# new victorian haps



## pro zac (Apr 24, 2008)

well i got some new fish and i decided im going to stick with victorian haps i bought 3 the other day 2 males and 1 female im not sure exactly what type they are though. i havent taken any pics yet.

the dominant male is almost all black with greenish bars(3) and red edged fins! he/s *******! the other male is greyish/blue with 3 bars (he doesnt get as dark as the lack one) and the female is silverish green!

i might get rid of my acei and my albino re striped tiger and my 2 tretacephalus if theres any problems! im stickin with all victorian haps from here on out whenever i can find them! there hard to find around here!
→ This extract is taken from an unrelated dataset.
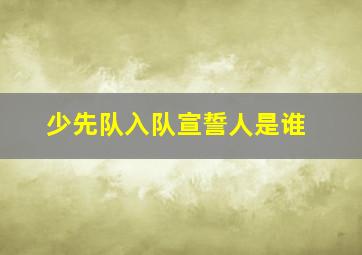 少先队入队宣誓人是谁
any suggestions or possible ideas, or id'ing the fish let me know!

thanks


----------



## samaki (Oct 25, 2002)

Hi
It's almost impossible to tell you what fish you have with such a description. Even with pix, it's sometimes very hard to say exactly what it could be  as many species are looking the same at the first sight
xris


----------



## pro zac (Apr 24, 2008)

ya i understand i have some pics to put up but im not sure how to do it!


----------



## pro zac (Apr 24, 2008)




----------



## samaki (Oct 25, 2002)

Hi
It seems to be a hap sp44(or a species like) with a non conform black body color.
xris


----------



## pro zac (Apr 24, 2008)

awesome thanks!
its my favortie fish in the tank


----------



## Dewdrop (Nov 20, 2007)

You have tretacephalus in with acei? Won't the tretacephalus kill the acei?


----------



## pro zac (Apr 24, 2008)

well so far there is no problem, i actually found out my acei, is not an acei im still not sure exactly what it is its hard to tell, if i have any problems im going to remove any of the problem fish i dont want my flame back or any of my vics gettin hurt!


----------